Il était le petit fils de Moses!
Ce fondateur du "judaïsme réformé" a obtenu des droits civiques pour sa communauté, dans la deuxième moitié du 18ème siècle, dans une Prusse où Frédéric II fait la pluie et le beau temps: cujus regio ejus religio a signifié plein de choses différentes depuis la Paix d'Augsbourg.
Felix Mendelssohn, le petit-fils, jouissait donc d'un statut bizarre dans ce monde luthérien du "business" (Geschäft, plutôt), mais aussi des arts, d'une forme de Aufklärung et néanmoins encore fort judaïque, même sorti des ghettos.

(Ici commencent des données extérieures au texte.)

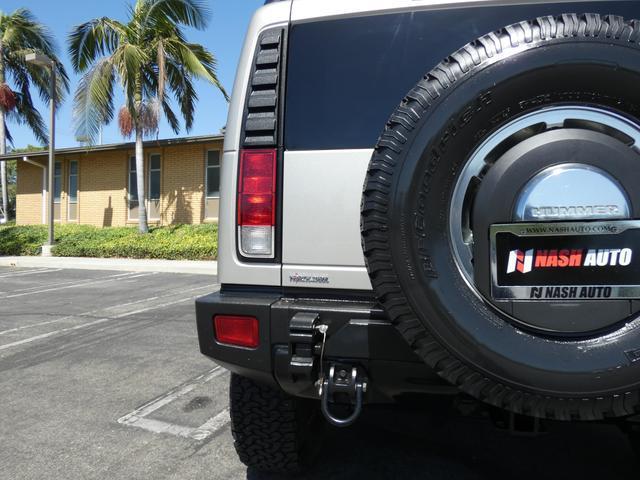 used 2007 Hummer H2 car, priced at $23,990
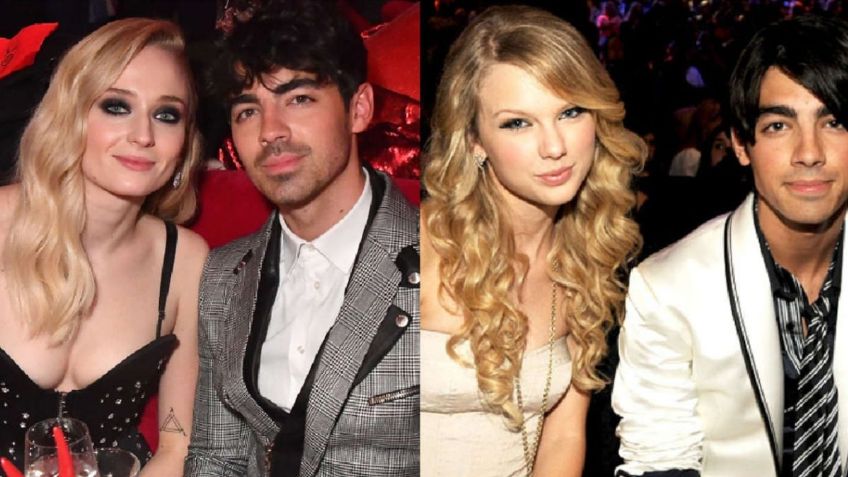 El divorcio de Joe Jonas y Sophie Turner estaba escrito en esta canción de Taylor Swift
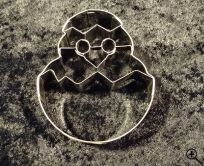 Birkmann Foremka do wykrawania ciastek Kurczaczek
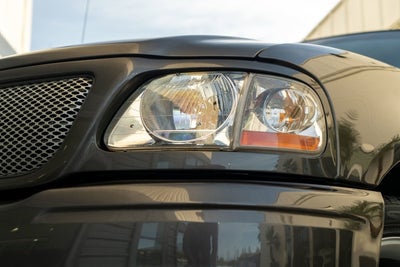 2004 Ford F-150 Heritage Lightning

Sa cinquième symphonie (qui devrait occuper la deuxième place, chronologiquement) ne fait pas forcément partie des "vedettes" pour le public belge ou français. Mon anecdote personnelle le prouve.
Quoique n'étant pas incollable, il m'arrive souvent de reconnaître les morceaux de musique qui passent "sur le poste", ou en tout cas de les situer. Ma mère, elle, est beaucoup plus érudite et collée en musicologie, en tout cas jusqu'à l'aube du 20ème siècle. Et pourtant, nous circulions en voiture quelque part entre le frontière luxembourgeoise et le Massif central et une musique "classique", mais pas totalement, qui était un peu beethovienne, mais aussi un peu du Haydn et quand même plus bombastique, nous avait plu.

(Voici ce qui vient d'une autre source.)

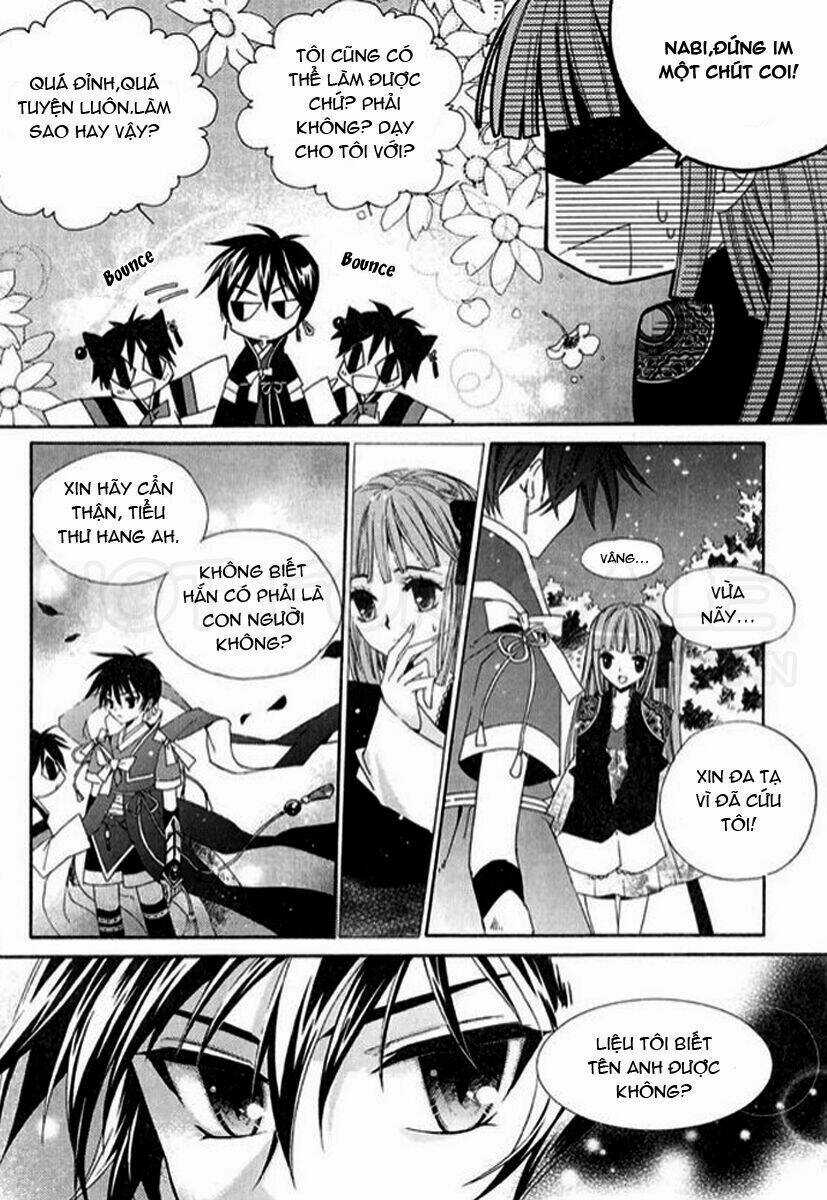 Hangah, Lee - Chapter 3 - Trang 19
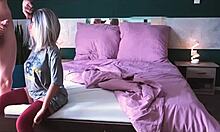 dude, i'm banging my girlfriend right in front of my buddy 😏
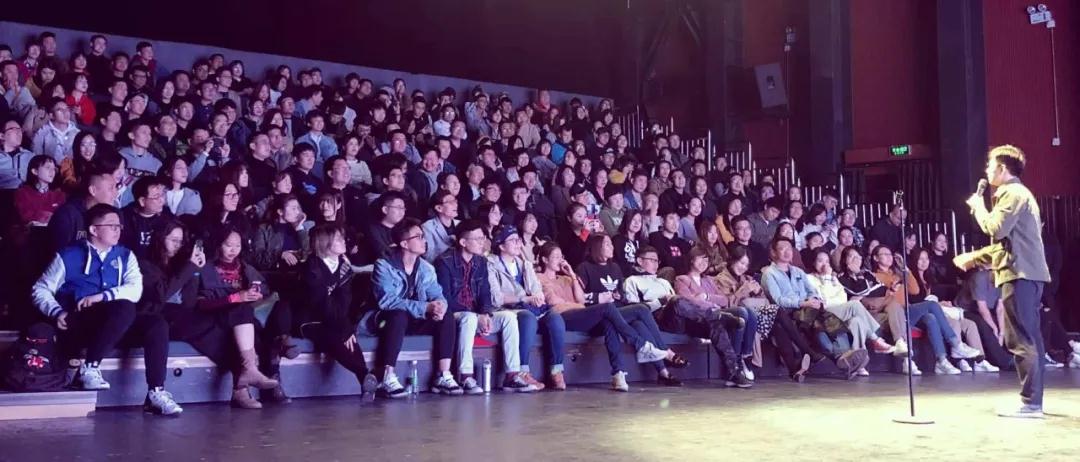 2021硬核喜剧周四开放麦深圳站（时间+地点+演出详情）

Bien sûr, ma mère aurait reconnu la symphonie "italienne" ou "écossaise" de Félix Mendelssohn, mais pas cette "Réforme". Nous n'avons même pas évoqué son nom. Cujus area ejus praejudicia en quelque sorte.

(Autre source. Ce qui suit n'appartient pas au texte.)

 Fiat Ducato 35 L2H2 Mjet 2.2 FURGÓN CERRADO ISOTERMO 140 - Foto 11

Berlioz (un contemporain) se moquait gentiment des musiques religieuses, surtout si elles n'étaient pas "à programme". Et, au moment de l'écriture de cette pièce au moins, Beethoven qui vient de mourir pèse encore de tout le poids de son génie sur les compositeurs en pleine création. Vienne et son classicisme (relatif) n'ont pas encore totalement cédé à la déliquescence des romantiques pur jus. Résultat: Simrock fut le premier éditeur de cette oeuvre ... en 1868; l'auteur est mort depuis 20 ans.
Ensuite, les différents antisémitismes dans les pays européens de culture font leur travail de sape. Dans l'Allemagne nazie, il est interdit de le jouer.
Cet homme, une coqueluche à sa propre époque, ami des plus grands (décrié, et jalousé sans doute, par Wagner toutefois), me semble effectuer un retour en grâce. Il conserve le côté rassurant des compositeurs classiques, fait preuve de la spontanéité et des "sautes d'humeur" des romantiques et annonce peut-être même "l'âme russe" qui va suivre.
Je vous le dis (en vérité, haha): tout est caché dans l'ADN.